Sometimes, I wonder if I am living in a dream. One day, I’ll wake up and wonder where I am. I get days like that, when I wonder if this all real and not just another one of my fantasies. I do wonder why my life is this way and what I’m learning from all this.
I heard this one line while watching The O.C. tonight and it really made me think, “I’m living someone else’s dream”. It feels like life is taking me too fast through this never-ending roller coaster ride and it doesn’t end. It just starts over again. Growing up, it was the slow climb up the hill and my life is moving so fast, my head is spinning.
It’s been almost 6 years since school and I’ve been doing this for the last 6 years. I’ve been away from home for the last 9 years and that’s almost 1/3 of my life. Is this really what’s meant for me? I have planned my life before and it really never works out when I plan things. I’ve let things go its natural ways and occassionally, I like to take a peek at the curve ahead, kinda like cheating to see what’s next.
What is next? It’s just another one of life’s mysteries right?
I turn 28 in a few weeks and yes, it’s crazy to think that I’m at a stage in my life that I really need to start thinking about myself more. As I get older, I find myself forgetting a lot of details in my life. I don’t remember what happened a week ago anymore. I used to be able to remember things so vividly that I could tell you what color of socks I was wearing that day. It’s usually white, so that’s easy.

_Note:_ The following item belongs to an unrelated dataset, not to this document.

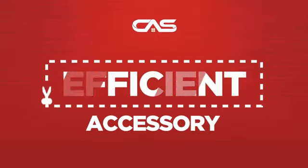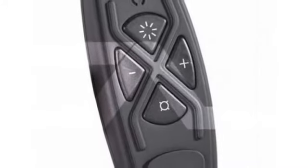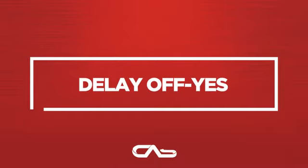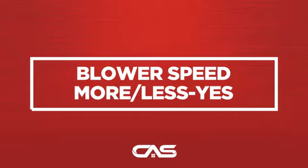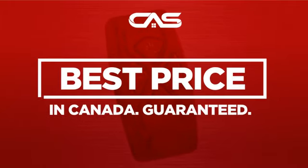Need an efficient accessory? Try this accessory model from Brohm. Back with a full manufacturer warranty. And only at Canadian Appliance Source, you get this accessory at the best price in Canada.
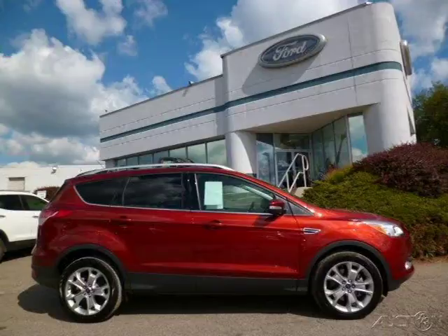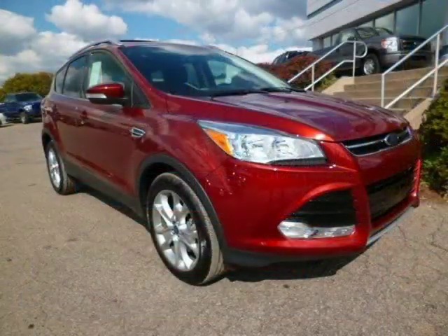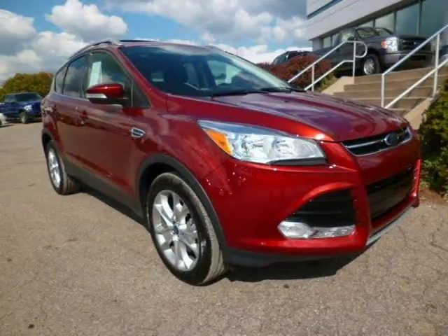This 2014 Ford Escape SUV is located in Zelenopo, Pennsylvania and has 3,469 miles on it.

Ah, my birthday is just another day that I hate. Almost nothing good comes out of it. It never has and it never will. It is a day that I have grown to hate. I don’t hate getting old, I just hate it because I can remember it being the day that really sucked. Every year I wish that it would not and it would change but year after year, it’s just a bad day.
So, on my birthday, don’t wish me happy birthday but instead, just give me that look that you know what a day it is for me and not even say it. It’s not a day that I want to remember or look forward to.